CATANZARO «Crediamo molto nella capacità di Nicola Irto di guidare il processo di allargamento» della coalizione di centrosinistra. Arriva un’altra robusta “investitura” per Nicola Irto, candidato Pd alla presidenza della Regione: dopo la vicesegretaria Irene Tinagli, è l’ex ministro Francesco Boccia, uno dei “colonnelli” del Nazareno essendo il responsabile nazionale enti locali del Pd, a blindare ancora di più il nome di Irto in un’intervista all’Huffington Post. Boccia inoltre lancia un messaggio di unità al Movimento 5 Stelle, con il quale – fa intendere – la strada per un’alleanza è ancora aperta, e a De Magistris perché l’obiettivo dev’essere «non lasciare la Calabria alla destra».
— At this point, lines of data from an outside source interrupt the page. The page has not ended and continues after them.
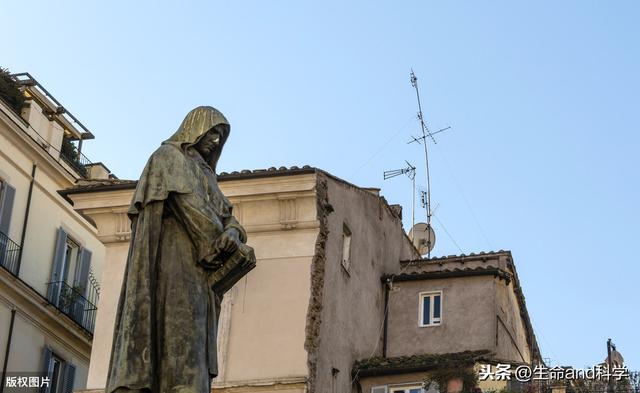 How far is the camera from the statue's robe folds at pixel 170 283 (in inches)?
346

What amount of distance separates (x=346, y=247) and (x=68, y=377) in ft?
27.0

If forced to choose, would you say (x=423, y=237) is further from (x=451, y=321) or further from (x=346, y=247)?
(x=346, y=247)

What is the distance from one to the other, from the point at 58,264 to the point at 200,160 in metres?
28.5

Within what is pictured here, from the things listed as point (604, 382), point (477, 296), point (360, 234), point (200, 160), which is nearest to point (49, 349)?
point (360, 234)

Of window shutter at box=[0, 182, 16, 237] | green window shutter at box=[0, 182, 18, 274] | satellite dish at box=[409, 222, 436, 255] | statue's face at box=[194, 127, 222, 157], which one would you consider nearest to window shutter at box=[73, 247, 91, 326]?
green window shutter at box=[0, 182, 18, 274]

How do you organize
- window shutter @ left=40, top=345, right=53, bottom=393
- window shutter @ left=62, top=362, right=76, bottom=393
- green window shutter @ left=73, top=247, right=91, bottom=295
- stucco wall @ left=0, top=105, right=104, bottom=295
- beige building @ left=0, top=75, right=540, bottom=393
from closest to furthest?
1. beige building @ left=0, top=75, right=540, bottom=393
2. window shutter @ left=40, top=345, right=53, bottom=393
3. stucco wall @ left=0, top=105, right=104, bottom=295
4. window shutter @ left=62, top=362, right=76, bottom=393
5. green window shutter @ left=73, top=247, right=91, bottom=295

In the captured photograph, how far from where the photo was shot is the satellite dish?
42531mm

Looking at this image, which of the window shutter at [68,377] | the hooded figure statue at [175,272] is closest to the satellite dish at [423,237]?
the window shutter at [68,377]

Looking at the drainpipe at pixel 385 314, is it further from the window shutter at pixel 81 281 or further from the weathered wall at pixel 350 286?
the window shutter at pixel 81 281

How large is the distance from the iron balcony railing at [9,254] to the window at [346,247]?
8.14m

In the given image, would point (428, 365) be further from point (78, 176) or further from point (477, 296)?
point (78, 176)

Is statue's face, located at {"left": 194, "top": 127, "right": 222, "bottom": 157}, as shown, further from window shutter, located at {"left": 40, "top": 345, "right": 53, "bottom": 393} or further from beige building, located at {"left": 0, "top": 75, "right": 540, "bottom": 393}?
window shutter, located at {"left": 40, "top": 345, "right": 53, "bottom": 393}

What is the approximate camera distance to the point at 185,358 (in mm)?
8820

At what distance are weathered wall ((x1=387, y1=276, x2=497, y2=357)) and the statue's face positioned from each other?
25.3 m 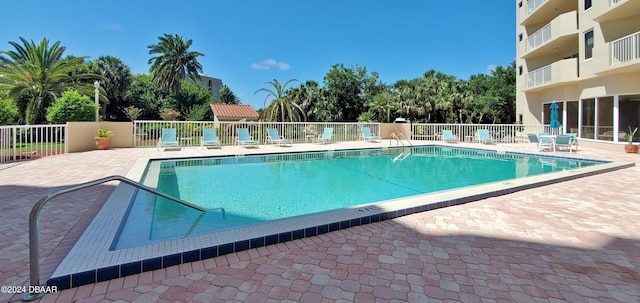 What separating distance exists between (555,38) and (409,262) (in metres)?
18.3

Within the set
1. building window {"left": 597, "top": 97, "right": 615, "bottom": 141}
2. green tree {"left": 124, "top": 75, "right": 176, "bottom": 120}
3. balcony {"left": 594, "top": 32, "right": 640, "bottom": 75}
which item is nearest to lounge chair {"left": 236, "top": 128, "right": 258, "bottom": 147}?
balcony {"left": 594, "top": 32, "right": 640, "bottom": 75}

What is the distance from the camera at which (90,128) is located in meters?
11.5

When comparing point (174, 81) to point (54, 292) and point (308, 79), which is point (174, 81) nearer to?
point (308, 79)

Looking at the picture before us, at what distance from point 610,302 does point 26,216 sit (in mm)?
5957

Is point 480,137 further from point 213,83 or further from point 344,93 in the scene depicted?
point 213,83

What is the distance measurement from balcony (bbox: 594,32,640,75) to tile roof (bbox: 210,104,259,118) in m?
29.7

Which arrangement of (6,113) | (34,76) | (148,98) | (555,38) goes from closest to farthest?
1. (555,38)
2. (6,113)
3. (34,76)
4. (148,98)

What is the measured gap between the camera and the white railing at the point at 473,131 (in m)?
17.6

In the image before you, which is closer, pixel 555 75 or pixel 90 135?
pixel 90 135

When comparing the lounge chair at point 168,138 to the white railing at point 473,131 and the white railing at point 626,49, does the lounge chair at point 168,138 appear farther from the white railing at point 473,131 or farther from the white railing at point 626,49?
the white railing at point 626,49

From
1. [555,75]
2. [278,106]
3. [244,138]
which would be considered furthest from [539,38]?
[244,138]

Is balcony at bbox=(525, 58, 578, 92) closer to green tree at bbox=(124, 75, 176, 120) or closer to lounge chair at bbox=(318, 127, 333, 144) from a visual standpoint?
lounge chair at bbox=(318, 127, 333, 144)

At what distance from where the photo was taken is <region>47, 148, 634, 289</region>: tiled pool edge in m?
2.41

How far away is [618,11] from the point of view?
11836 mm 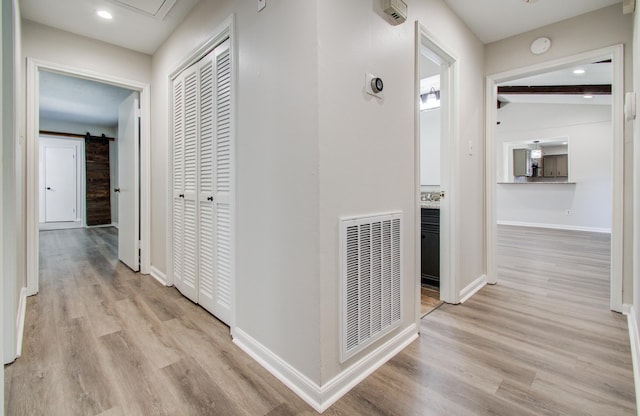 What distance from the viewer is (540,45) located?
2.83 meters

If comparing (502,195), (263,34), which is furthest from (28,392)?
(502,195)

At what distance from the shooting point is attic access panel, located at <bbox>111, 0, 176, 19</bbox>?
2488mm

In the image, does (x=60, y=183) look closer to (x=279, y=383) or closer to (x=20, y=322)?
(x=20, y=322)

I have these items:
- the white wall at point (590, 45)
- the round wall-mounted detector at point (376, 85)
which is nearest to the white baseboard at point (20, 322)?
the round wall-mounted detector at point (376, 85)

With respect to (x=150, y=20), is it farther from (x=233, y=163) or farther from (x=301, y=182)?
(x=301, y=182)

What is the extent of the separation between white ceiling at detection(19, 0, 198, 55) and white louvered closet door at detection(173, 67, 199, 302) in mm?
497

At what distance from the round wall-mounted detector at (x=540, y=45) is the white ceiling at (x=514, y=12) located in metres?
0.13

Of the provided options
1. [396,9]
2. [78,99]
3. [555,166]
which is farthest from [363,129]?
[555,166]

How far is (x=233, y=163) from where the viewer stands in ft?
6.64

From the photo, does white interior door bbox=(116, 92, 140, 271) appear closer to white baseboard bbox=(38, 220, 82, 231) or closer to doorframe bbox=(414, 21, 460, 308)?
doorframe bbox=(414, 21, 460, 308)

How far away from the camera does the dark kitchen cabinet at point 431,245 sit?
116 inches

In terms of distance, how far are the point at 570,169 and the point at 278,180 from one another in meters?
8.21

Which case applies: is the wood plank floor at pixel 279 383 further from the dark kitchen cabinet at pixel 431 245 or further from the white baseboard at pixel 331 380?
the dark kitchen cabinet at pixel 431 245

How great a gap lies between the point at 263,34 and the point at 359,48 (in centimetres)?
58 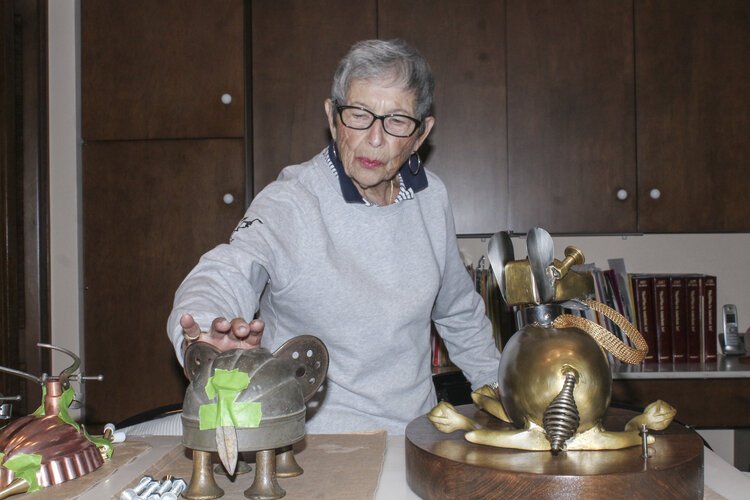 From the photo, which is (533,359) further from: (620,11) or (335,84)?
(620,11)

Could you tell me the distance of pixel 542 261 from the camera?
987mm

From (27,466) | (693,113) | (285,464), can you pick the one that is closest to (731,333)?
(693,113)

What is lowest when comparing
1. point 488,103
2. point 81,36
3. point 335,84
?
point 335,84

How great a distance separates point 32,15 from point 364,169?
179 centimetres

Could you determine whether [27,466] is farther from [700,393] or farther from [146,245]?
[700,393]

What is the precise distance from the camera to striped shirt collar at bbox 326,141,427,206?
152 centimetres

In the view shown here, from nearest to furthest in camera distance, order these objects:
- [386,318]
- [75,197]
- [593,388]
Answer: [593,388]
[386,318]
[75,197]

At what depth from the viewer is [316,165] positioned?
1.55 metres

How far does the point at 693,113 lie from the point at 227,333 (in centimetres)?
218

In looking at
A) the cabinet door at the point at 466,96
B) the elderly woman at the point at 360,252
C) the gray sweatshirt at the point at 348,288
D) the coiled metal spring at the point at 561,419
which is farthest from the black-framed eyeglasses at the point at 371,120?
the cabinet door at the point at 466,96

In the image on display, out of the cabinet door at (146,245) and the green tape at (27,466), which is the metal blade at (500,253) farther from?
the cabinet door at (146,245)

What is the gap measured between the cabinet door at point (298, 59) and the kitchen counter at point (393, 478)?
63.7 inches

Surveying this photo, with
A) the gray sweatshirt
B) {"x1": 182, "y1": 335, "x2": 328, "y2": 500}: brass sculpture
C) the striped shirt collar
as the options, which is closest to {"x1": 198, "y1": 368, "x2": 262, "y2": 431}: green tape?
{"x1": 182, "y1": 335, "x2": 328, "y2": 500}: brass sculpture

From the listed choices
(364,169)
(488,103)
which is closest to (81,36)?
(488,103) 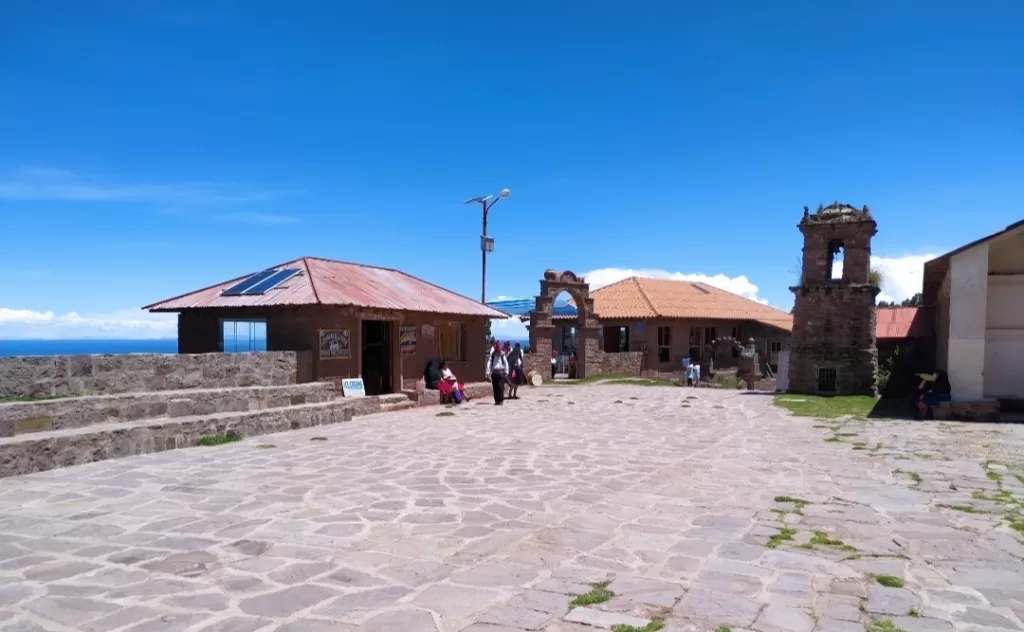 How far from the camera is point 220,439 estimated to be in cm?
1222

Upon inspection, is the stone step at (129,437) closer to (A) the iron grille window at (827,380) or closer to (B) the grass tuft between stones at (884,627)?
(B) the grass tuft between stones at (884,627)

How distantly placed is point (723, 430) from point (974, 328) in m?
7.45

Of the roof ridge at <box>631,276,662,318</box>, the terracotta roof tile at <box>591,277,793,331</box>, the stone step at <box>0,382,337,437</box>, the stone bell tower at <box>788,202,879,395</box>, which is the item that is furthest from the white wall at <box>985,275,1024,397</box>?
the stone step at <box>0,382,337,437</box>

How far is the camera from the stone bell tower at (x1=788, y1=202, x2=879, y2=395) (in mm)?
23703

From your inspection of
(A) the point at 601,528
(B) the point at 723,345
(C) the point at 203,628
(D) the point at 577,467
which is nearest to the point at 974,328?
(D) the point at 577,467

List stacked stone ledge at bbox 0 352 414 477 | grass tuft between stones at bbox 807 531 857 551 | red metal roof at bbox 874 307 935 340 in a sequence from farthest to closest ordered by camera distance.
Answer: red metal roof at bbox 874 307 935 340, stacked stone ledge at bbox 0 352 414 477, grass tuft between stones at bbox 807 531 857 551

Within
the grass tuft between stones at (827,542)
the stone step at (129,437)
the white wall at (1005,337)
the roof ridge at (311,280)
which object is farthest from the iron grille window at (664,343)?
the grass tuft between stones at (827,542)

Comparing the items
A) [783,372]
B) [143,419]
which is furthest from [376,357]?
[783,372]

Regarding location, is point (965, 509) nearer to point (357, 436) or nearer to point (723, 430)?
point (723, 430)

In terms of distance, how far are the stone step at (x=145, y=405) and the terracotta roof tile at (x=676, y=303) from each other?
938 inches

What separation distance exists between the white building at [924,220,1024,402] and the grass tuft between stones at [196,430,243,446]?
16621mm

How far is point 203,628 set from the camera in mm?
4363

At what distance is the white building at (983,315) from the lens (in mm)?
16781

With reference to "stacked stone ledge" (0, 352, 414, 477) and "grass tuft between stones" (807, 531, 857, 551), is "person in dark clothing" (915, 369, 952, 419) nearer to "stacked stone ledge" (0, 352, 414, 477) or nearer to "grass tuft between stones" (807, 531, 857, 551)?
"grass tuft between stones" (807, 531, 857, 551) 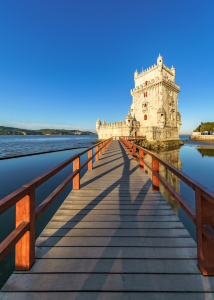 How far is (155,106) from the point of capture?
33688 mm

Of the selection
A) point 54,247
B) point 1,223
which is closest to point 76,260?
point 54,247

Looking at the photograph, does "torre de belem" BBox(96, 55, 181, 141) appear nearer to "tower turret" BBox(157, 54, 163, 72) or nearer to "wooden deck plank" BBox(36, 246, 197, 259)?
"tower turret" BBox(157, 54, 163, 72)

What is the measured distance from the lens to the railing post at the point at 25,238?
1665mm

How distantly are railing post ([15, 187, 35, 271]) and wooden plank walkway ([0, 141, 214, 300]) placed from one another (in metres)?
0.11

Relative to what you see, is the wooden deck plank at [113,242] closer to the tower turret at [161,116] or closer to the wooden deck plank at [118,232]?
the wooden deck plank at [118,232]

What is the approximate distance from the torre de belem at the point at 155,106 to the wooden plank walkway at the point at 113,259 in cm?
3233

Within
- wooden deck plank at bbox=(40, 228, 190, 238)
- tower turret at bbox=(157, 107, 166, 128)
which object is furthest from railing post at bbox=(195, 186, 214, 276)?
tower turret at bbox=(157, 107, 166, 128)

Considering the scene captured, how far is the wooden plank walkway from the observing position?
4.88 ft

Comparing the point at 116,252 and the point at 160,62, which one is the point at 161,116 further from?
the point at 116,252

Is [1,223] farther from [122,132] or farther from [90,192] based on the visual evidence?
[122,132]

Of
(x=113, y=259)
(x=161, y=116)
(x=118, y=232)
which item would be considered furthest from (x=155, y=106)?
(x=113, y=259)

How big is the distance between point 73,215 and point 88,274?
4.58 ft

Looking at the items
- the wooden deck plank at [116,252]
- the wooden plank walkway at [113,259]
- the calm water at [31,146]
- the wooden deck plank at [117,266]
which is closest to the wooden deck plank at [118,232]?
the wooden plank walkway at [113,259]

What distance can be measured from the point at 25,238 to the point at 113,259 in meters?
1.20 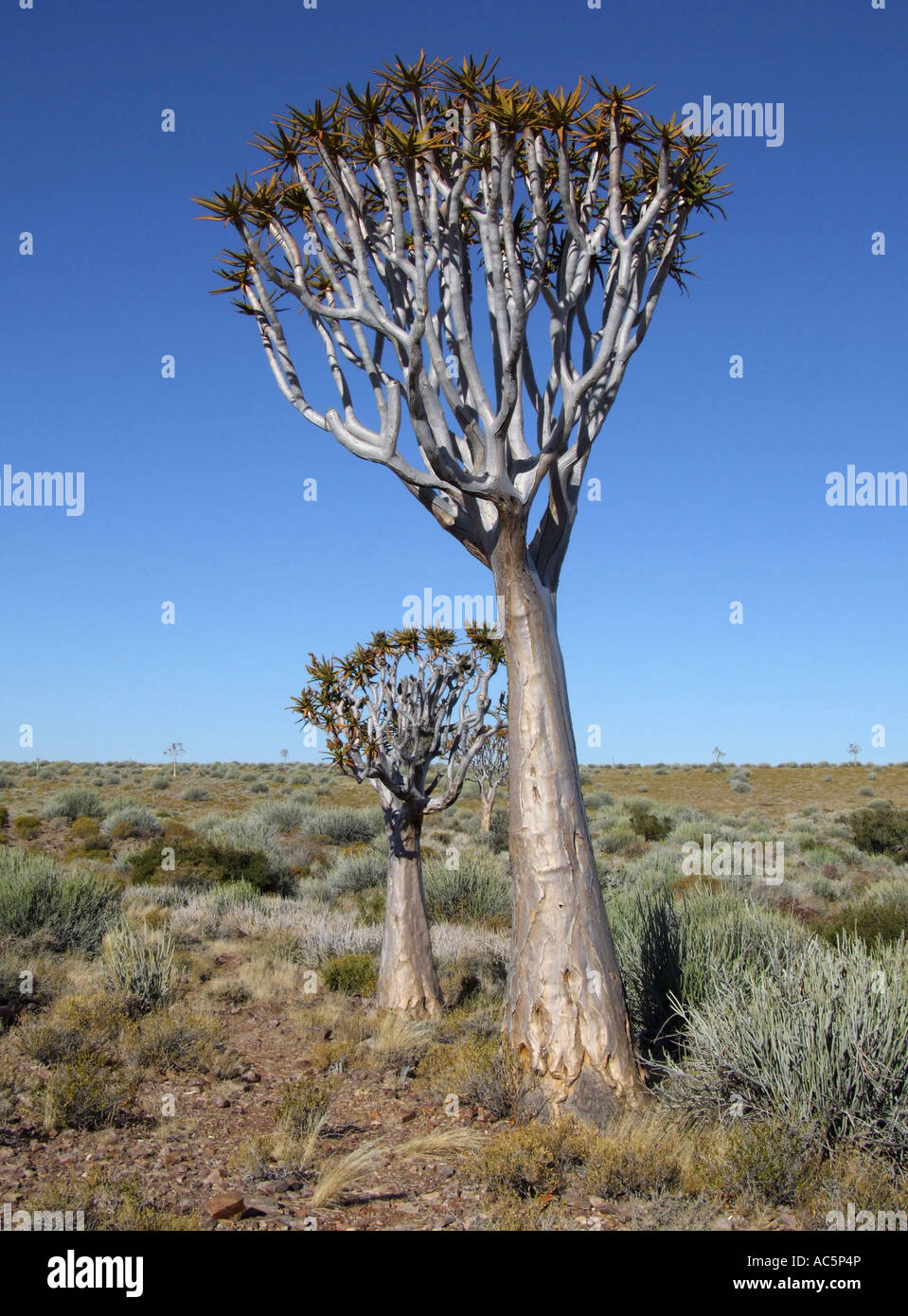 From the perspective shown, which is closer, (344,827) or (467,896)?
(467,896)

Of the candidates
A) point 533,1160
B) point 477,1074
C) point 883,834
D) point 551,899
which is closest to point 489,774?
point 883,834

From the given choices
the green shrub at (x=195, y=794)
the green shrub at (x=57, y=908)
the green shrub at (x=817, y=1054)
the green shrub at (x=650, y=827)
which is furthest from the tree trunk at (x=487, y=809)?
the green shrub at (x=817, y=1054)

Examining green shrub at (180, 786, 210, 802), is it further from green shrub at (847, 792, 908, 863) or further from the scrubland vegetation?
green shrub at (847, 792, 908, 863)

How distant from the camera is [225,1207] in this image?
4422mm

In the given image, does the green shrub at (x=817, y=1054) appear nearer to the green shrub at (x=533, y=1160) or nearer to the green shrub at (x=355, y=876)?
the green shrub at (x=533, y=1160)

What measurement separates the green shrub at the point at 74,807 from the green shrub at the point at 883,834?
2111 centimetres

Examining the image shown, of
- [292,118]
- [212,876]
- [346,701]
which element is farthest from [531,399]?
[212,876]

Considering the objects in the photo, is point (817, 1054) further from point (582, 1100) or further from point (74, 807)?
point (74, 807)

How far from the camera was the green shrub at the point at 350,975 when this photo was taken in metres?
9.98

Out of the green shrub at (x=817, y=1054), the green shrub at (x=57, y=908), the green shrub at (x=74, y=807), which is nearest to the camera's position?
the green shrub at (x=817, y=1054)

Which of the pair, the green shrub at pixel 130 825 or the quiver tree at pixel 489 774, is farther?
the quiver tree at pixel 489 774

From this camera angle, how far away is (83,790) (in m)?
28.1

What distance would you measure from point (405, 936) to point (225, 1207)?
14.0 ft

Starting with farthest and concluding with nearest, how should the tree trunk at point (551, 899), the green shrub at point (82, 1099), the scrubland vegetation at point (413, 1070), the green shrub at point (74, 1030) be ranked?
the green shrub at point (74, 1030) → the green shrub at point (82, 1099) → the tree trunk at point (551, 899) → the scrubland vegetation at point (413, 1070) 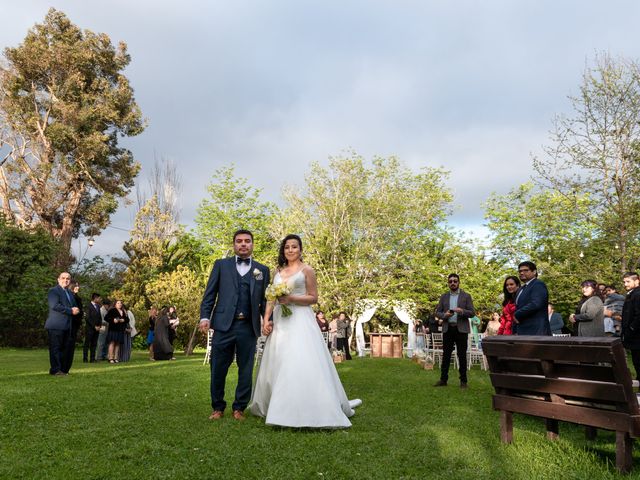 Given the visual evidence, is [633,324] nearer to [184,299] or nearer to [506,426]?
[506,426]

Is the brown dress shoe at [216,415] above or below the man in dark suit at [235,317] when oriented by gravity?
below

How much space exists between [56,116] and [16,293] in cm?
1366

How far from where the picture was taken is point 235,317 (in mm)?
6988

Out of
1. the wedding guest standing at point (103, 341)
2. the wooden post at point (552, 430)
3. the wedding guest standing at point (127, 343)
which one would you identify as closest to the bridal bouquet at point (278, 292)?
the wooden post at point (552, 430)

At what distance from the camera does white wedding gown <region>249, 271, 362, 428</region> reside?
6.30 metres

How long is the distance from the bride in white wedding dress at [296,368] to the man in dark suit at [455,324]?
467cm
Nell’intervista Boccia sostiene che «in Calabria vale il ragionamento che Enrico Letta fa ovunque: la Calabria ha bisogno di un centrosinistra unito. Quando si costruiscono processi politici di svolta serve visione e generosità. Se mancano questi due ingredienti non si va lontano. In Calabria il Pd è aperto al confronto con tutte le forze politiche alternative alla destra, ma gli altri devono mostrare altrettanta generosità. Crediamo molto nella capacità di Nicola Irto di guidare questo processo di allargamento. La destra calabrese, travolta dagli scandali, si batte solo con l’unità dei progressisti e dei movimenti civici e di massa, come i Cinque stelle. A De Magistris dico: non lasciamo la Calabria alla destra».
Quanto al rapporto con il M5S, che secondo molti analisti politici si sarebbe nelle ultime ore compromesso per le divisioni in vista delle Amministrative nelle grandi città italiane, Boccia osserva: «Assieme abbiamo fronteggiato un’emergenza inimmaginabile: E abbiamo lavorato per un anno e mezzo benissimo, e non solo sul terreno sanitario. Quello che abbiamo fatto in Europa unendo le forze è stata una svolta storica e il tratto solidaristico e di giustizia sociale è quello che unisce le nostre forze politiche. Ecco, noi continueremo a parlare, nel mondo post Covid che richiederà più sinistra, agli elettori sapendo che i gruppi dirigenti possono cambiare, nel Pd come nel Movimento, gli elettori no».